### Exercise requirements
Take the entries that follow and return exactly the lines from the one holding "Erstautor Frank Arnold" through the one holding "Kin of patients", both included. Nothing else is needed.

### Task data
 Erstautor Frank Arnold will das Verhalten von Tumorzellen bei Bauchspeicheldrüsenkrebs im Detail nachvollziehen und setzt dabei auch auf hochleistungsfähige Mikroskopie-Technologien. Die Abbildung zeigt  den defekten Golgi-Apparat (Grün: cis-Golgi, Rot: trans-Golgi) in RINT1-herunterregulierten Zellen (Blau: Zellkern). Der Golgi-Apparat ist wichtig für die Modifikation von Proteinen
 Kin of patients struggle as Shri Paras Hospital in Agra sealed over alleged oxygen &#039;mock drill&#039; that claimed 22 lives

---

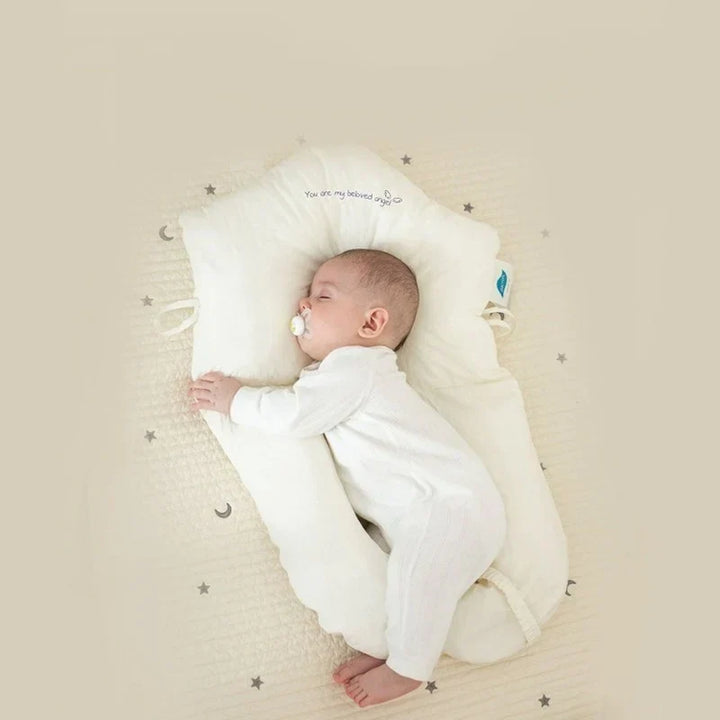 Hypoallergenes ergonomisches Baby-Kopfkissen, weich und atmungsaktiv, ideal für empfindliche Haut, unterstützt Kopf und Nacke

### Finished task
 Erstautor Frank Arnold will das Verhalten von Tumorzellen bei Bauchspeicheldrüsenkrebs im Detail nachvollziehen und setzt dabei auch auf hochleistungsfähige Mikroskopie-Technologien. Die Abbildung zeigt  den defekten Golgi-Apparat (Grün: cis-Golgi, Rot: trans-Golgi) in RINT1-herunterregulierten Zellen (Blau: Zellkern). Der Golgi-Apparat ist wichtig für die Modifikation von Proteinen
 Kin of patients struggle as Shri Paras Hospital in Agra sealed over alleged oxygen &#039;mock drill&#039; that claimed 22 lives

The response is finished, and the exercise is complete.